色川さんは、自伝ライフヒストリーに対する歴史的経緯に触れているので紹介しますね。

江戸時代になると、それまで侍の独占物であった印刷物が庶民のものになって、技術的には木版刷りの発達で、「読み売り」とか「枕絵」とか「草双紙」あるいは「読本」という形で、庶民の中に広まる。このころから人々の中にある、自分の表現したいものを形にして、しかも多くの人にそれを見てもらいたいという願望が少しずつ実現されていく。

全人口の7割余を占める百姓はどうだったかというと、柳田国男などは、村では「口承文芸」、つまり口から口への言い伝えの文化が主流であるということで、その価値を高く評価し民話や民謡の研究をして、村ではこういう形で文化が伝わっていった。

江戸時代の終わりになると、字の書ける人が書けない者の詠んだ句まで書いてあげて、そのうち出来のよいものをお寺や神社に奉納したりしている。民衆の中にかなり広範囲に自己表現の機運が広がっていたことがわかる。

民衆が自分を表現することと、印刷あるいは出版の歴史を結び付けてみると、面白いことが発見できる。

昔から自費出版は、商業出版にのらないものを信念を曲げないで世の中に出す方法でした。これによって自分の存在意義を自分で確認し、さらに人にも認めさせたいということだったのです。

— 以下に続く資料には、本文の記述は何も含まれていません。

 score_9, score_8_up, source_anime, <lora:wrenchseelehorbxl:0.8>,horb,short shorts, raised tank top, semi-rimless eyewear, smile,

庶民が自分のことを表現してきた長い歴史があるけれども、これが自分の人生を自分で表現したライフヒストリーという形で現れてくるのは第二次世界大戦後のことになる。

このように、ライフヒストリーの歴史には相当長く深いものがあって、今展開している口述自伝作成ライフヒストリー良知事業は、いわばそんな古典の復古と言ってもいいでしょう。

ところで、ドイツの有名な哲学者にフリードリヒ・ヘーゲルという人がいるのですが、この人が説いた理論が弁証法で、これは哲学の最高峰というわれるほど難解なもの。

これを簡単に言うと、『互いに矛盾して対立するかに見える二つのものに対して、どちらかを否定したり割り切るのではなく、両者を肯定して統合(「止揚」という)し、よりよい案を生み出して高みに向かってゆく技術のこと』。

この弁証法に、先日も紹介しましたが、『昔懐かしいものは復活し螺旋階段を登るように進歩発展していく』という言葉があって、これをライフヒストリー良知に当てはめるでみると、『かっての紙と文の文化は止揚して進化し、ITと統合する』となります。

つまり、他者に伝達し伝承するための文や本は、今後ホームページや電子書籍と共存し、共栄し、棲み分けていくのですね。このようにライフヒストリー良知はこんな螺旋的発展を目指しているのですよ。